*** Begin section ***

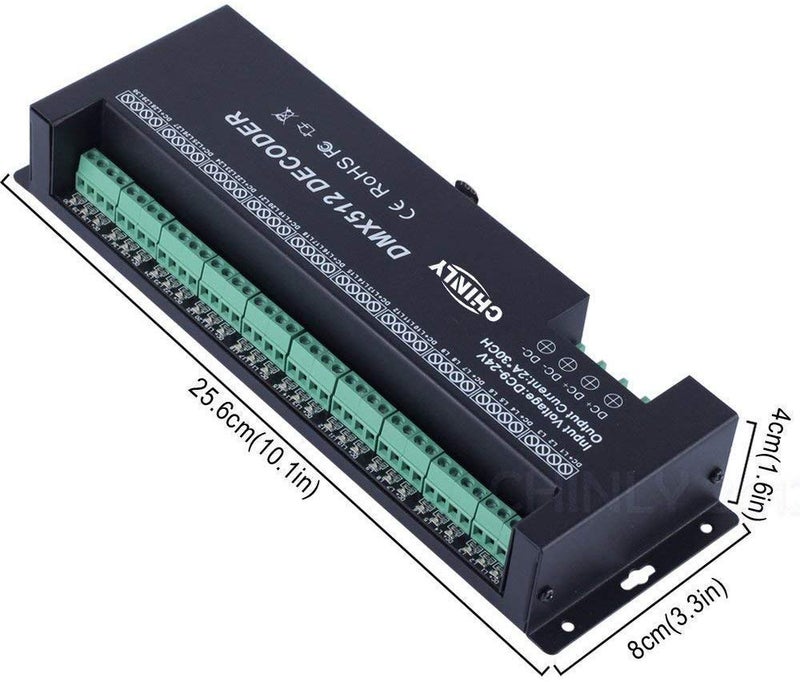 CHINLY 30 Channel DMX decoder 512 RGB LED Strip Controller DMX dimmer DC9V-24V 2A/CH - Image 3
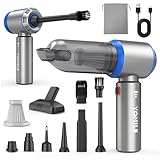Yomile Aspirador de Mano, 25000Pa/120W Mini Aspirador Recargable, Aspiradoras de Mano con Motor sin Escobillas de 210.000 RPM, Aspirador sin Cable para Coche, para Uso en la Oficina, el hogar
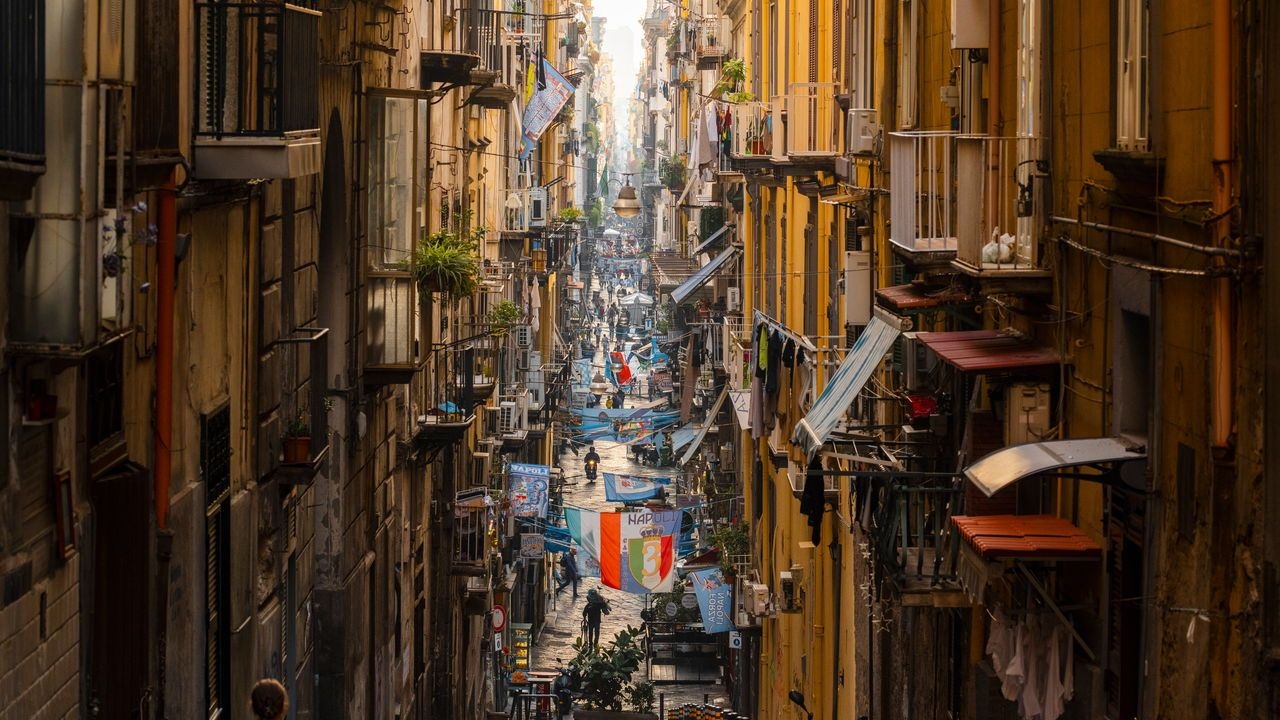 Spaccanapoli street in Naples, Italy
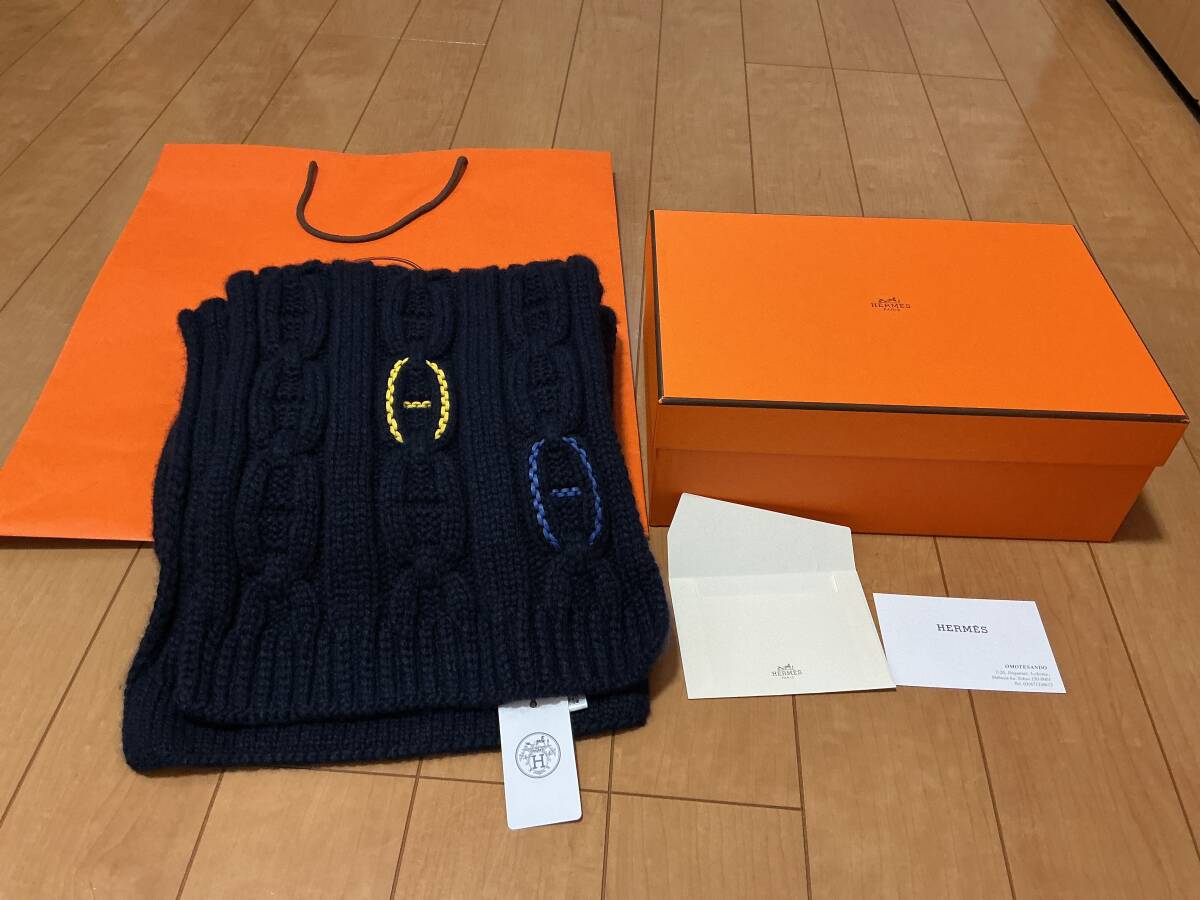 未使用　HERMES エルメス　マフラー　ストール　大判　男女可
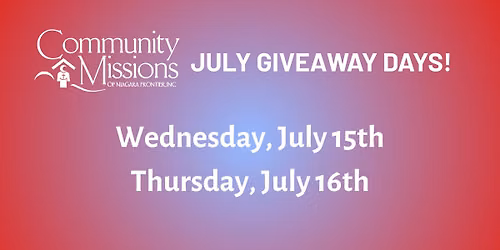 July Giveaway Days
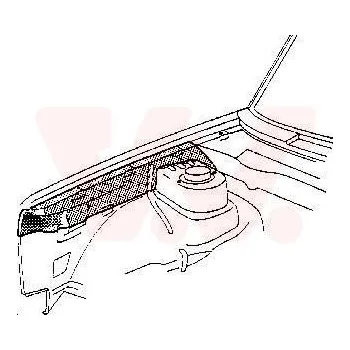 Blatník karosérie Vnitřní blatník VAN WEZEL 5810220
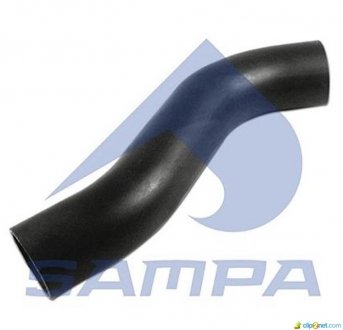 Фото автозапчасти патрубок радиатора DAF 95XF/XF95 VF373M-XF355M 1987-2006 d60xd72mm L-346mm верхн. SAMPA 050.132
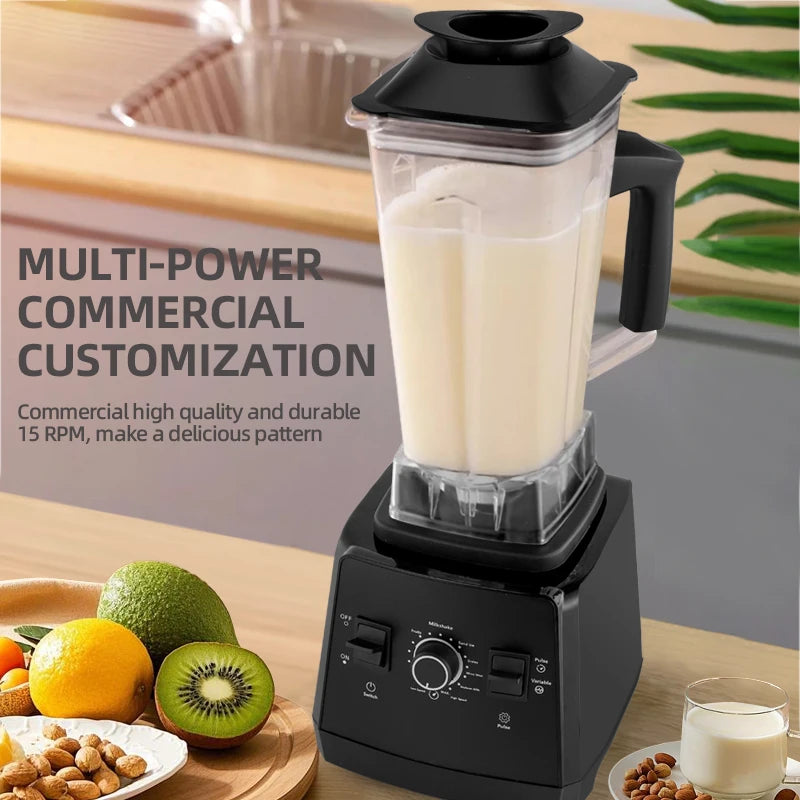 BPA FREE 2L Automatic Program Professional Commercial Blender Mixer Juicer Food Processor Ice Smoothies 220V EU/UK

*** End section ***

Your assignment: From the first record to the last, retype everything exactly except the images.

Output for this task:
 CHINLY 30 Channel DMX decoder 512 RGB LED Strip Controller DMX dimmer DC9V-24V 2A/CH - Image 3
Yomile Aspirador de Mano, 25000Pa/120W Mini Aspirador Recargable, Aspiradoras de Mano con Motor sin Escobillas de 210.000 RPM, Aspirador sin Cable para Coche, para Uso en la Oficina, el hogar
 Spaccanapoli street in Naples, Italy
 未使用　HERMES エルメス　マフラー　ストール　大判　男女可
 July Giveaway Days
 Blatník karosérie Vnitřní blatník VAN WEZEL 5810220
 Фото автозапчасти патрубок радиатора DAF 95XF/XF95 VF373M-XF355M 1987-2006 d60xd72mm L-346mm верхн. SAMPA 050.132
 BPA FREE 2L Automatic Program Professional Commercial Blender Mixer Juicer Food Processor Ice Smoothies 220V EU/UK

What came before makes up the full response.